Давида Бурлюка и других футуристов я познакомил с Репиным еще в октябре 1914 года, в начале войны. Они пришли к нему в «Пенаты», учтивые, тихие, совсем не такие, какими были в буйных своих декларациях. За обедом футуристы прочитали Илье Ефимовичу две оды своего сочинения; ода Василия Каменского кончалась так:


Все было просто нестерпимо.
И в простоте великолепен
Сидел Илья Ефимович великий Репин.


Познакомившись с Бурлюком лично в Куоккале, Репин не то что примирился с ним, - этого не было и быть не могло! — а просто стал смотреть на него снисходительнее, не придавая никакого значения его парадоксам и придерживаясь беззлобной иронии во всех разговорах с ним. Татьяна Львовна Щепкина-Куперник, присутствовавшая при этом свидании, мгновенно сочинила для моей «Чукоккалы» стихи:


Вот Репин наш сереброкудрый,-
Как будто с ним он век знаком!
Толкует с простотою мудрой,
И с кем? — с Давидом Бурлюком!


Искусства заповеди чисты,
Он был пророк их для земли.
И что же? Наши футуристы
К нему покорно притекли.


А портрета Маяковского Репин так и не написал. Приготовил широкий холст у себя в мастерской, выбрал подходящие кисти и краски и все повторял Маяковскому, что хочет изобразить его «вдохновенные» волосы. В назначенный час Маяковский явился к нему (он был почти всегда пунктуален), но Репин, увидев его, вдруг разочарованно вскрикнул:


— Что вы наделали!.. О!


Оказалось, что Маяковский, идя на сеанс, нарочно зашел в парикмахерскую и обрил себе голову, чтобы и следа не осталось от тех «вдохновенных» волос, которые Репин считал наиболее характерной особенностью его творческого облика. — Я хотел изобразить вас народным трибуном, а вы…

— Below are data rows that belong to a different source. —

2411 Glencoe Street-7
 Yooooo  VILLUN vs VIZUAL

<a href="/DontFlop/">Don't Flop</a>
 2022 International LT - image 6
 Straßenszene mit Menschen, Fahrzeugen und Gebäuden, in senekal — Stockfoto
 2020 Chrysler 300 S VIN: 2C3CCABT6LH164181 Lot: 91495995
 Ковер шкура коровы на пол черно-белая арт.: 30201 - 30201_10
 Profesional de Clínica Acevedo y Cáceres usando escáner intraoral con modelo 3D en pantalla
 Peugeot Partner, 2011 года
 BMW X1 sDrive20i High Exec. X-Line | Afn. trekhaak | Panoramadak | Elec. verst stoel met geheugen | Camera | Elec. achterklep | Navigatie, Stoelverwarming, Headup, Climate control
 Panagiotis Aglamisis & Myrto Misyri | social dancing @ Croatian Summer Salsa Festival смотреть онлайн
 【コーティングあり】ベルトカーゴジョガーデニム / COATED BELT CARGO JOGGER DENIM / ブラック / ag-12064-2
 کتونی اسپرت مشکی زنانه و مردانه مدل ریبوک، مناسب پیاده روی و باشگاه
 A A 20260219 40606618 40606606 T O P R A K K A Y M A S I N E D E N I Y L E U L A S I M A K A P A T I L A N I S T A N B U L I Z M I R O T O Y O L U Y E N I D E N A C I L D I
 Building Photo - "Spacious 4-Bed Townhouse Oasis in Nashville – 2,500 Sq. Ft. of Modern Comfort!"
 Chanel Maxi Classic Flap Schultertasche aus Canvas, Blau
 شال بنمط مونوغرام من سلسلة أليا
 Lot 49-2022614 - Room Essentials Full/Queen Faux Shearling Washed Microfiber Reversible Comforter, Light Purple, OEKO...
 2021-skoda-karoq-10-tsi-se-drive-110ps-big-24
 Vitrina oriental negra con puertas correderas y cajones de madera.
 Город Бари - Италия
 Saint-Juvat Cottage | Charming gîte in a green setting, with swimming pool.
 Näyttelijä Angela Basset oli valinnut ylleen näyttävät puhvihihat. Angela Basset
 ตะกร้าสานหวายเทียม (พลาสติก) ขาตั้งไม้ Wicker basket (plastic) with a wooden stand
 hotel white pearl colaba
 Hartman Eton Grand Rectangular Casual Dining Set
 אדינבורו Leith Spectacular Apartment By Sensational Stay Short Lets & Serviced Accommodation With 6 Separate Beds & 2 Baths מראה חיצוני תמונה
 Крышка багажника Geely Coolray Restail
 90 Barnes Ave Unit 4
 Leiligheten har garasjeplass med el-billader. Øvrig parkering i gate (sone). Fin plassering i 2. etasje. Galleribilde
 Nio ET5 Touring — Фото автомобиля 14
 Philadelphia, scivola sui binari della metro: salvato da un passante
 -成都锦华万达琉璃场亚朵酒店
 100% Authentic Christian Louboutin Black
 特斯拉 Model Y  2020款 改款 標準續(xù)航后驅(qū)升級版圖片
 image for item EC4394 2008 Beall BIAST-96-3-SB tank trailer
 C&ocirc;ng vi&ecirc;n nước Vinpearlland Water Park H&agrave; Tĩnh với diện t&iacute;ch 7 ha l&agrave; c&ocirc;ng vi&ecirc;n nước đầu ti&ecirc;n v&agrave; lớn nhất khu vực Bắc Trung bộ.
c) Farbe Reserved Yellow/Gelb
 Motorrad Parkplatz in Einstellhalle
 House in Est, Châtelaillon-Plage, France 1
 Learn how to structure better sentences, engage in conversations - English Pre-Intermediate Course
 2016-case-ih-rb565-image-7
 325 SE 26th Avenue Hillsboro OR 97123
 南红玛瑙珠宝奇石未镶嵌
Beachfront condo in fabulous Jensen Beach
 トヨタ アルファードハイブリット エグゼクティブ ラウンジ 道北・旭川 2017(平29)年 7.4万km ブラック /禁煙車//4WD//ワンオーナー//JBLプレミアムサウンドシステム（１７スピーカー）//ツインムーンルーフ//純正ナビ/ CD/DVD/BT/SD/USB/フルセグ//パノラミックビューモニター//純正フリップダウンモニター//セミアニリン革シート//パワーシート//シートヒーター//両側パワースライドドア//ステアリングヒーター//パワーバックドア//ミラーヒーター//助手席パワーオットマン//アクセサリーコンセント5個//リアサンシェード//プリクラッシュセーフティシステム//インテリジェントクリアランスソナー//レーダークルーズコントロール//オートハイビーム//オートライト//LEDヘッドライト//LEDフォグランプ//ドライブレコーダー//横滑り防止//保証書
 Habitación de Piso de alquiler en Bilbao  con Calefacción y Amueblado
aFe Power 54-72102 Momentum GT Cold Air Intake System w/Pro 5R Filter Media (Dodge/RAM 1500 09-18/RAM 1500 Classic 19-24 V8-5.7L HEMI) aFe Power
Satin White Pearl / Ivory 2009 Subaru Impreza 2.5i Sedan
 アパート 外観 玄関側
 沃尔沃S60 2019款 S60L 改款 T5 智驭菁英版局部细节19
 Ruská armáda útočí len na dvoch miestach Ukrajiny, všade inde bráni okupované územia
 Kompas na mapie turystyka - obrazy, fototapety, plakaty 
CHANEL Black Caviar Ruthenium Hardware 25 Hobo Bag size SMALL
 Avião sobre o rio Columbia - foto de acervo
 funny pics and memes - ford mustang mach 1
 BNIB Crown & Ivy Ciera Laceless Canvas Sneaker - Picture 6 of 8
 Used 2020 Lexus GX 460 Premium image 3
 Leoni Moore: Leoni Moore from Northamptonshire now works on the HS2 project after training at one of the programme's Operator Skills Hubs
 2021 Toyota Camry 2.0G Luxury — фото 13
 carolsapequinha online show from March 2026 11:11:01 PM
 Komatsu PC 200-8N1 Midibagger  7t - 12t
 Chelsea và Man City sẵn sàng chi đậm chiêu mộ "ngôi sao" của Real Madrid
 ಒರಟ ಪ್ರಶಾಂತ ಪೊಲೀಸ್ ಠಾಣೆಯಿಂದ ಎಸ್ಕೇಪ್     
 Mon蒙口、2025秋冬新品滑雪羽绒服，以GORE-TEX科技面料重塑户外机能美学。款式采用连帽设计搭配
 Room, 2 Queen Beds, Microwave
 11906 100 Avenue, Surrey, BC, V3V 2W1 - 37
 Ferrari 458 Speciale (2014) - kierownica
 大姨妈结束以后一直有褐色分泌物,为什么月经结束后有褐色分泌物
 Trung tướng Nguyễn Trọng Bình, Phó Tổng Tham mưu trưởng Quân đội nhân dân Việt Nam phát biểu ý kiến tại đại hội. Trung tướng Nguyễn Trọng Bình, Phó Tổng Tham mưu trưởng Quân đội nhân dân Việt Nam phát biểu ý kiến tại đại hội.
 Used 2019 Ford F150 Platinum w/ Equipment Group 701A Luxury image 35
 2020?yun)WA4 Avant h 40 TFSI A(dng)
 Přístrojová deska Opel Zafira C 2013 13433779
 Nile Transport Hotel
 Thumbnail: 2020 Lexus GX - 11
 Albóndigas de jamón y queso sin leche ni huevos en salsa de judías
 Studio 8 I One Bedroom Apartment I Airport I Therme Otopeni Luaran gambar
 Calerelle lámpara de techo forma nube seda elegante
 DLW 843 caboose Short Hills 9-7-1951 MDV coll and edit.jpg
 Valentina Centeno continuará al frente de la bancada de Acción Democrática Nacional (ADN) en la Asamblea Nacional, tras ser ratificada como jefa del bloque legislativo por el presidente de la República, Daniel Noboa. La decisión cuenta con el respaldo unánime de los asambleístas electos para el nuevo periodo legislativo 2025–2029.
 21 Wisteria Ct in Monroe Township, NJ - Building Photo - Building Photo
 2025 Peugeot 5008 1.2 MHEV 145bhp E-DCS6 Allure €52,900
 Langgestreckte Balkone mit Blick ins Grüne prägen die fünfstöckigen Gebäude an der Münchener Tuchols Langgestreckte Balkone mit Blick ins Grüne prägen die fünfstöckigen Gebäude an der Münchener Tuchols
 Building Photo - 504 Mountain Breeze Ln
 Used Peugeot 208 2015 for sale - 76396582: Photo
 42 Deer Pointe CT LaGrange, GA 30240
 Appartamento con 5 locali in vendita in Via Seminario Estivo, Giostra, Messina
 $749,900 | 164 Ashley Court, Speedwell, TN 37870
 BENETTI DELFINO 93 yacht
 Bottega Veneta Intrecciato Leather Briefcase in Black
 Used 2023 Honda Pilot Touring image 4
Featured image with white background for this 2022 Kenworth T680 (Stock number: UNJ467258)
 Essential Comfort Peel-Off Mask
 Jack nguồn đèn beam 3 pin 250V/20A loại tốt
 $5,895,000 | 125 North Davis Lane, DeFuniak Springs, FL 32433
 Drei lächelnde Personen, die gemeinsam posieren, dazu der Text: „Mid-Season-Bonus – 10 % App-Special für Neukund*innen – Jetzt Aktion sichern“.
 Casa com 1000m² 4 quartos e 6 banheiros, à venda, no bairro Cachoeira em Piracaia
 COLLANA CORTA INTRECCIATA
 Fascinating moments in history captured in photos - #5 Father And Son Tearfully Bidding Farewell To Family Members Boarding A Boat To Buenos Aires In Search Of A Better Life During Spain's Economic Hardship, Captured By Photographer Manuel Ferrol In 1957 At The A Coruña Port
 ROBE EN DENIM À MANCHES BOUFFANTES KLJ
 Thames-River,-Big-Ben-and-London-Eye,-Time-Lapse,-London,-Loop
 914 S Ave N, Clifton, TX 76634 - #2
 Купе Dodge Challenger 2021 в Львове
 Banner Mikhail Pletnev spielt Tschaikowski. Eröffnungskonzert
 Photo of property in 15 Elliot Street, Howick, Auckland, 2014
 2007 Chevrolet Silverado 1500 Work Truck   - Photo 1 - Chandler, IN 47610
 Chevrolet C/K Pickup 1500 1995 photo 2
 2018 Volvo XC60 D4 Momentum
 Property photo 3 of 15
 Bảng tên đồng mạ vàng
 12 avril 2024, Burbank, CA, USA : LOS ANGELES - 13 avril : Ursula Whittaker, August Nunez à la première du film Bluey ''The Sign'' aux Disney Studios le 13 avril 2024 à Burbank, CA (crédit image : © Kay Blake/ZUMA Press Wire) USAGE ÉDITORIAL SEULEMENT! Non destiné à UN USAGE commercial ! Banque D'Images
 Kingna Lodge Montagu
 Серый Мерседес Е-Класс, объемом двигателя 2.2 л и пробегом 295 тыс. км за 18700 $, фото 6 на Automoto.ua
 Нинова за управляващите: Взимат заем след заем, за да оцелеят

И вместо большого холста Репин взял маленький и стал неохотно писать безволосую голову, приговаривая:


— Какая жалость! И что это вас угораздило! Маяковский утешал его:


— Ничего, Илья Ефимович, вырастут!


Всей своей биографией, всем своим творчеством Маяковский отрицал облик поэта как некоего жреца и пророка, «носителя тайны и веры», одним из признаков которого были «вдохновенные» волосы. Не желая, чтобы на репинском портрете его чертам было придано ненавистное ему выражение «не от мира сего», он предпочел обезобразить себя, оголив до синевы свой череп. Где теперь этот репинский набросок, неизвестно.


К сожалению, дальнейшие отношения Маяковского и Репина для меня как в тумане. Смутно вспоминаю, что зимою того же года (или, может быть, год спустя), уже живя в Петрограде, Маяковский приехал ко мне вместе с Аркадием Аверченко, и мы пошли к Илье Ефимовичу в «Пенаты». Как они встретились, Маяковский и Репин, и о чем они говорили — не помню. Помню только: в столовой у Репина, за круглым столом, Владимир Владимирович стоит во весь рост и читает свою поэму «Война и мир» (не всю, а клочки и отрывки: она еще не была в ту пору закончена), а Репин стонет от восхищения и выкрикивает свое горячее: «Браво!»


Какими запасами молодости должен был обладать этот семидесятилетний старик, чтобы, наперекор всем своим привычкам и установившимся вкусам, понять, оценить и полюбить Маяковского!


Ведь Маяковский в то время совершал одну из величайших литературных революций, какие только бывали в истории всемирной словесности. В своем «Тринадцатом апостоле» он ввел в русскую литературу и новый, небывалый сюжет, и новую, небывалую ритмику, и новую, небывалую систему рифмовки, и новый синтаксис, и новый словарь.


Не было бы ничего удивительного, если бы все эти новшества в своей совокупности отпугнули старика передвижника. Но Репин сквозь чуждые и непривычные ему формы стиха инстинктом большого художника сразу учуял в Маяковском огромную силу, сразу понял в его поэзии то, чего еще не понимали в ту пору ни редакторы журналов, ни профессиональные критики.